First, British schools and colleges have been pushed into these partnerships after decades of underfunding of the education system. Schools and colleges have been forced to collaborate with private businesses to fund the curriculum and maintain resources. These businesses in turn have had unprecedented control of curricula, pedagogy, and governance structures. In a capitalist system, the role of education transforms from a means to instill young people with the pursuit of knowledge to instead producing the future workforce. Places of education also directly reinforce dominant ideologies, values, and beliefs. In this case, the partnership between schools and arms companies reinforces the state’s production of war and violence.
Second, for arms companies, places of education are a means to recruit and shape the workforce. Early recruitment initiatives allow arms companies to mould the qualities they want to see in their future workplace. The diversification of manufacturing portfolios by arms companies obscures their central function, the manufacturing of weapons, used to kill millions of people across the globe. Partnerships in schools and colleges orientated around STEM gives these companies legitimacy, a way of cleaning up their image and positioning themselves as world leaders of engineering and technology.
To illustrate this, we can consider a company like BAE Systems. BAE collaborates extensively with UK schools and post-16 institutions. On its own website, BAE boasts spending approximately £100m in education, skills and early careers activities in Britain annually. The centre point of this is the ‘STEM Roadshow,’ supported by the Royal Navy and Royal Air Force, which has led to 5,000 school visits, reaching over 1.3 million pupils.
In these career roadshows, companies like BAE demonstrate advanced technologies to entice students while obscuring their central function. For example, the theme of this year’s STEM roadshow is Artificial Intelligence, where pupils made songs and music videos with a robot dog called Lexi. This doesn’t show students how these robot dogs are currently being used in the battlefield.
Companies also focus on topics such as space, electricity, robotics, computing and coding while not necessarily revealing how these same technologies are used to manufacture weapons. In 2025, BAE announced £3.5m in funding to continue the programme for a further five years. BAE employees sit on a number of governing boards across schools in Cumbria, and in 2015 it became the non-financial sponsor of Furness Academy in 2015. Senior BAE employees maintain two positions on the school’s governing body.

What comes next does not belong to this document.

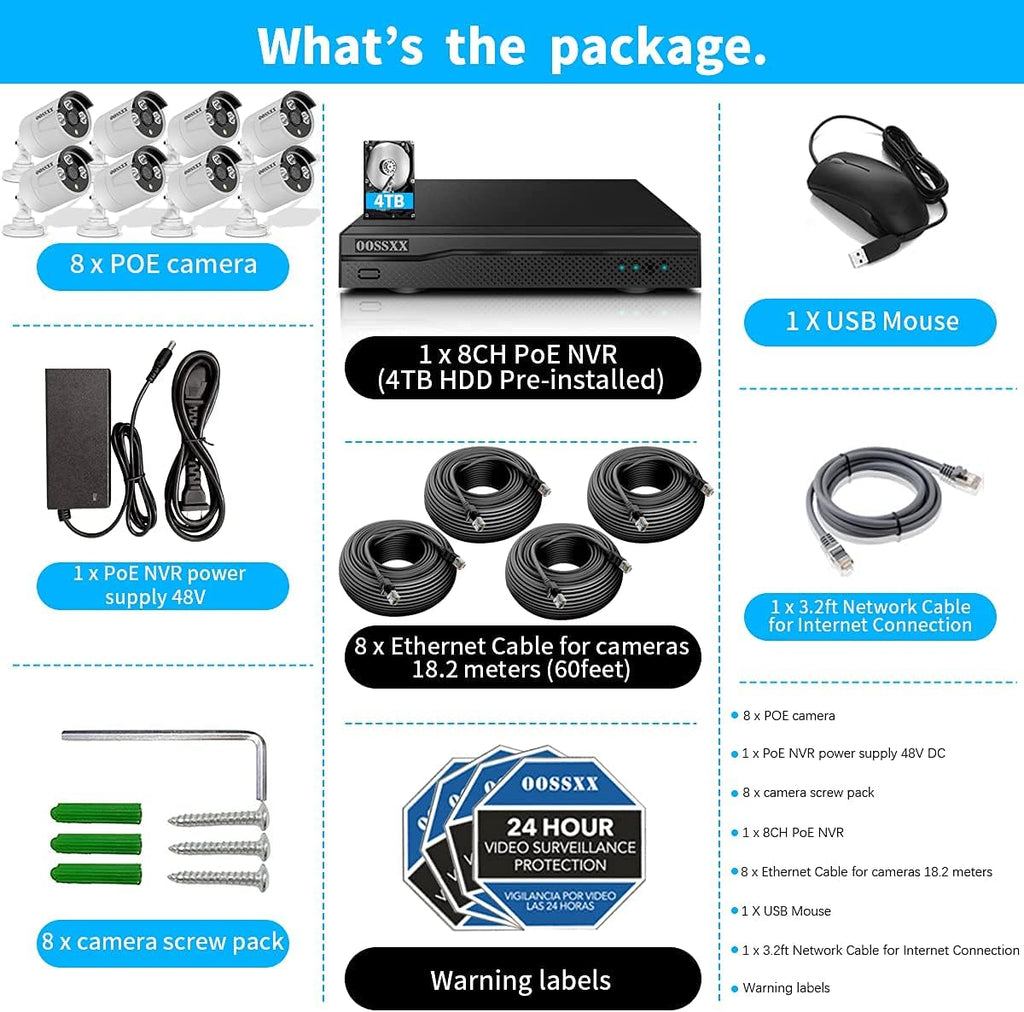 8CH 5MP POE Security Camera System with 4TB Hard Drive X811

Another example is Babcock International Group. They are the 38th largest arms company in the world, with 74% revenues coming from arms. The company has partnerships with Israel Aerospace Industries Ltd, a state-owned aerospace manufacturer that supplies the Israeli military. Babcock Learning and Development Partnership was formed in 2012 and ran for 10 years as an agreement between Devon Country Council and Babcock to provide school support services, including attendance monitoring and pupil assessment. They also provided a range of education services, resources, training, conferences and online learning. In addition, Babcock has a team of over 100 STEM Ambassadors who work with local schools and colleges, as well as work experience and apprenticeship programmes, who by their own claims have reached over 30,000 students in the UK.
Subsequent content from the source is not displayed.